*EXERCISE INSTRUCTIONS:*
Every line of the data that includes "living" should be copied out.

AVAILABLE DATA Block Start

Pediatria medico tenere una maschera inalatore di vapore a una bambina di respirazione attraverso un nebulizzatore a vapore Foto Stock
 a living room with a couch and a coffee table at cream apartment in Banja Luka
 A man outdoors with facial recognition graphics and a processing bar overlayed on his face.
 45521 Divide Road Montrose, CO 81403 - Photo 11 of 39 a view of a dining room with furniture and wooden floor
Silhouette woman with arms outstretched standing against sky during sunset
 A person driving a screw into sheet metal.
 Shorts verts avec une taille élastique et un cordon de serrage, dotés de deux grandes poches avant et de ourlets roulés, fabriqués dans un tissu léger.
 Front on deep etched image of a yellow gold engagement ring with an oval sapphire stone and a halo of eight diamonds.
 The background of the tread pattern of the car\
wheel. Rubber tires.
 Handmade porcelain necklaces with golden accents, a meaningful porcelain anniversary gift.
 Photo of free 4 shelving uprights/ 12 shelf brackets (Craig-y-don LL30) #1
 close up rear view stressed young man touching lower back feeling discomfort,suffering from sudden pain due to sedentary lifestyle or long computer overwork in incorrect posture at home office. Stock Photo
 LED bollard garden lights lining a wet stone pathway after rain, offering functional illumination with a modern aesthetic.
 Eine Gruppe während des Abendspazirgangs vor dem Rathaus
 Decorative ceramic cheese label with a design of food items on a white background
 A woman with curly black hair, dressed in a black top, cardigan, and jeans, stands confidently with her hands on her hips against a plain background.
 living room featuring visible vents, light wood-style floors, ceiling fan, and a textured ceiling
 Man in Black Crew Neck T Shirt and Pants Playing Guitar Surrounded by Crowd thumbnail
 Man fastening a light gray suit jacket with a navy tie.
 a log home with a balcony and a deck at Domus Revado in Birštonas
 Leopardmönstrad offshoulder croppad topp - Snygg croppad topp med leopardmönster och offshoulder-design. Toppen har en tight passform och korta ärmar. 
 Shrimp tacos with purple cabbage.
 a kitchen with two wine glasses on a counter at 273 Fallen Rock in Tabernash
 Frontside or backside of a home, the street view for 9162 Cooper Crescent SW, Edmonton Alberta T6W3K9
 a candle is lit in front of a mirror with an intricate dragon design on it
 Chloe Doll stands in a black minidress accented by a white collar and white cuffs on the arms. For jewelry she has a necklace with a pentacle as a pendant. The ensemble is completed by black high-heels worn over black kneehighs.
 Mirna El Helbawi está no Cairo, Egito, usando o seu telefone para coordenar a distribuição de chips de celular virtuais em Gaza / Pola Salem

AVAILABLE DATA Block End

*ANSWER TO THIS EXERCISE:*
 a living room with a couch and a coffee table at cream apartment in Banja Luka
 living room featuring visible vents, light wood-style floors, ceiling fan, and a textured ceiling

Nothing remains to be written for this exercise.